BSZ: Herr Weber, die Mitgliederzahl der Bayernpartei ist im Vorjahr von 5300 auf 6500 nach oben geschossen. Können Sie uns einen typischen Menschen beschreiben, der Ihrer Partei neu beigetreten ist?
Florian Weber: Das ist schwierig, weil es das typische Mitglied bei uns nicht gibt. Es sind mehrere Gruppen, aus denen sich die Neueintritte speisen. Eine ganz wichtige sind junge Menschen, die eine politische Heimat jenseits der etablierten Parteien suchen, sich aber nicht radikalen Parteien wie der Linken oder der AfD anschließen wollen.
BSZ: Der Altersschnitt der Bayernpartei liegt bei 45 Jahren – weit niedriger als etwa bei CSU oder SPD …
Weber: Ein Grund dafür ist sicher unsere starke Präsenz in den sozialen Medien. Dort sind wir – wenn man die Follower bei Facebook, Insta-gram und Twitter zusammenzählt – die drittstärkste Partei in Bayern. Ganz vorne liegt mit großem Vorsprung die CSU, danach folgt leider die AfD, aber gleich dahinter kommen schon wir – noch vor Grünen und SPD.
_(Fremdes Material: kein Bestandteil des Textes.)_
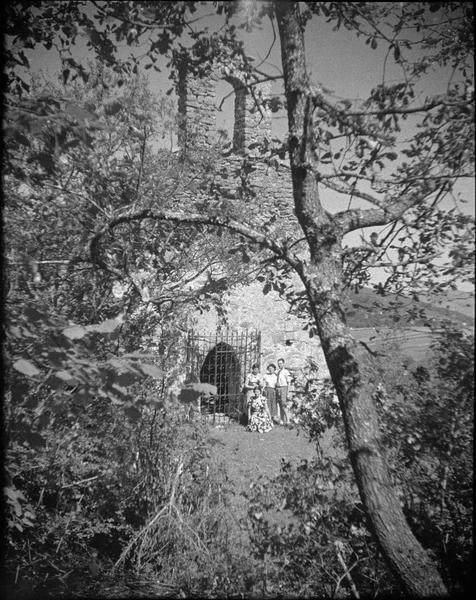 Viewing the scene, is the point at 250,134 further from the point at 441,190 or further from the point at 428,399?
the point at 428,399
BSZ: Anders als bei CSU und SPD, die seit Jahren einen Mitgliederrückgang beklagen, haben neben der Bayernpartei zuletzt auch FDP und Grüne einen Zugewinn verzeichnet. Gibt es hier Parallelen, die bei diesen drei Parteien ursächlich für den Erfolg sind?
Weber: Ja, die gibt es durchaus. Aus meiner Sicht hängt diese Entwicklung unter anderem mit der Unzufriedenheit vieler Menschen mit den etablierten Parteien zusammen. Die langen Jahre der Großen Koalition, in denen Union und SPD fast schon austauschbar wirkten, haben uns sicher geholfen. Mit der neuen Ampel-Regierung wird sich das womöglich ändern. In der jüngeren Vergangenheit ist es aber regelmäßig vorgekommen, dass CSU-Mitglieder zu uns gewechselt sind – und das war gar nicht so selten.
BSZ: Schon 2015 verzeichnete Ihre Partei viele Neumitglieder, damals infolge der Flüchtlingskrise. Aktuell sind wieder viele Menschen verunsichert wegen des Krieges in der Ukraine und der explodierenden Energiepreise. Reüssiert die Bayernpartei besonders in Krisenzeiten?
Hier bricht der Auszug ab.